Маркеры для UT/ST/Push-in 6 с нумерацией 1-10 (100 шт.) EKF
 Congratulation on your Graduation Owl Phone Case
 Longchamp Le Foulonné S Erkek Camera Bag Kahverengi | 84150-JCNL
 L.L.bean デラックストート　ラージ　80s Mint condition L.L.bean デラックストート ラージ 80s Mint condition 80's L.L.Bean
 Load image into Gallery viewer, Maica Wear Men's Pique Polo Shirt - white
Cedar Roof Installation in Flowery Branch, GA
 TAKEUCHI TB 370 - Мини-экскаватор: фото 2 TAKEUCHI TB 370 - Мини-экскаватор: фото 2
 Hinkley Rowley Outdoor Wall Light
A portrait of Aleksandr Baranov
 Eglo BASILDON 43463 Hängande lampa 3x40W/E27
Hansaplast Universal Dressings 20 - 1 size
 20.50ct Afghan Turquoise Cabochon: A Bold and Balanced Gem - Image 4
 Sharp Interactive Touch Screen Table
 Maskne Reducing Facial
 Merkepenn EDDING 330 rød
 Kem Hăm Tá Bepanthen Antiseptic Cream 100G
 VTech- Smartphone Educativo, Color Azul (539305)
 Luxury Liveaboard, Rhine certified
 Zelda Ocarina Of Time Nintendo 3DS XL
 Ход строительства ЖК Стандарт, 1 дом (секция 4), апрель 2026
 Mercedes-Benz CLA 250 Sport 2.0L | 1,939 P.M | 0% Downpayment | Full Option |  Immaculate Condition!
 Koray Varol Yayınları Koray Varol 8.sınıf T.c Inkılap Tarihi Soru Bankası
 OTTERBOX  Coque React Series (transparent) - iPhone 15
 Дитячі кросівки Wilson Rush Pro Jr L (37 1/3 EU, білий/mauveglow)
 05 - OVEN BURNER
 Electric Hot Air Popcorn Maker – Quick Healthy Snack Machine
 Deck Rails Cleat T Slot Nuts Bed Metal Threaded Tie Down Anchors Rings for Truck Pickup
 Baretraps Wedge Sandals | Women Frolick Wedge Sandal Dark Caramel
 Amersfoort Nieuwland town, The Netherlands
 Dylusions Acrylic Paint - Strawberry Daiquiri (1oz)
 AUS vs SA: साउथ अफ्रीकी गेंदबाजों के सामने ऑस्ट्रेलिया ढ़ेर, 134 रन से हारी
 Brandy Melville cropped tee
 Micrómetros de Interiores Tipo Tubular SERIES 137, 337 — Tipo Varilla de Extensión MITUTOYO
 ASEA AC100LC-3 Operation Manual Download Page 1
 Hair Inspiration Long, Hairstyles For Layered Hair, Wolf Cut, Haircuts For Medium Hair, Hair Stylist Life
+-------+
= ASSIGNED TASK =
Scan the records above for the lines holding "05 - OVEN BURNER" and "Dylusions Acrylic Paint". Transcribe those two and every line between them word for word, and no others.

= WRITTEN ANSWER =
 05 - OVEN BURNER
 Electric Hot Air Popcorn Maker – Quick Healthy Snack Machine
 Deck Rails Cleat T Slot Nuts Bed Metal Threaded Tie Down Anchors Rings for Truck Pickup
 Baretraps Wedge Sandals | Women Frolick Wedge Sandal Dark Caramel
 Amersfoort Nieuwland town, The Netherlands
 Dylusions Acrylic Paint - Strawberry Daiquiri (1oz)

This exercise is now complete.